There were no troughs of water on the way
which was a sad drawback, so far as I was concerned. I was miserable with
thirst. When we had passed the half-way hut, I saw that there were some
mountain streams near, and I made up my mind, that at the first I came to, I
should have a good drink of water. The guide was much opposed to this
water-drinking, but I had one notwithstanding. He does not know
me, nor my water drinking capacity, and after this I drank when it
suited me, and felt a great deal more lively and able for work. From
bottom to top there was only one single solitary trough. The higher we
climbed, the stonier and more barren became the way. We left most of the
pretty flowers behind and grass took their place. We passed a cattle
farm, and soon came upon the cows with their tinkling bells. They were in
considerable numbers. On the way, we had met men carrying wooden vessels
full of milk on their backs. Others were in charge of a sort of wooden
sledge, with barrels of milk in it. Probably they came from this
farm. Our party was now augmented by one gentleman whom Phys had
picked up near the half-way hut. He was a very nice
chiel. We were now quite near the snow, but not-withstanding
this, we were excessively hot. We came to a little lake in which the
cattle were standing cooling themselves. We envied them their
coolth. Several people came down from the top of the mountain
and it was just at this little lake that we met them. Miss Barr took a
handful of snow from a pile near and gave me a share. This I carried to
keep me cool. Needless to say it gradually grew less, and my energy
seemed to ooze away with it. T, Nan, and some others were
ever so far in front, but it rejoiced my heart not a little to know that there
were a greater number behind. I pegged on (not meant to be punny) all my
lee lane, taking frequent little standing rests. Aggie Dewar
and the stranger made up on me, gradually. The road wound about a great
deal and was indicated by piles of stones with poles up the centre. These
would be there to show the way when snow hid the track, I expect. We
passed two rough huts or shelters, with the name Schirmhaus over
the door. (Schirmhaus means a shelter house as Regen-schirm means a
shelter from the rain, i.e. an umbrella.)

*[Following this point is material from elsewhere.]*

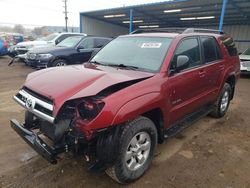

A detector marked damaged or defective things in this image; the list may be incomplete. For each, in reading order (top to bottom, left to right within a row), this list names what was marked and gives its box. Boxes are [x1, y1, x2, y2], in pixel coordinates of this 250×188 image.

crumpled hood [24, 64, 154, 114]
broken headlight [76, 97, 103, 121]
detached front bumper [10, 119, 65, 164]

The top of the mountain was still out of
sight, as were T, the guide and the other members of the
vanguard. A sudden turn on the road however gave us a view of the top,
and a very pleasant sight it was. The top of the Faulhorn resembles that
of Ben Lomond, in that in shape it is like a sugar loaf, and that the last
climb is a very hard one. The sight of the hotel inspired me to further
efforts, and I put a stout heart to a gay stey brae. Both
heart and lungs objected and my poor ribs suffered. I had to sit down,
lest I should bust, and I did not want Aggie Dewar and the
man, who were close behind, to come upon my mangled remains. I
thought on Ts idea of bidding Goodbye, so got to my feet once more,
and soon reached the goal. T and the others were at
lunch. Aggie and I shared a bottle of lemonade, which cost 2fs, and after
our hard labour and thirst, tasted exceedingly fine.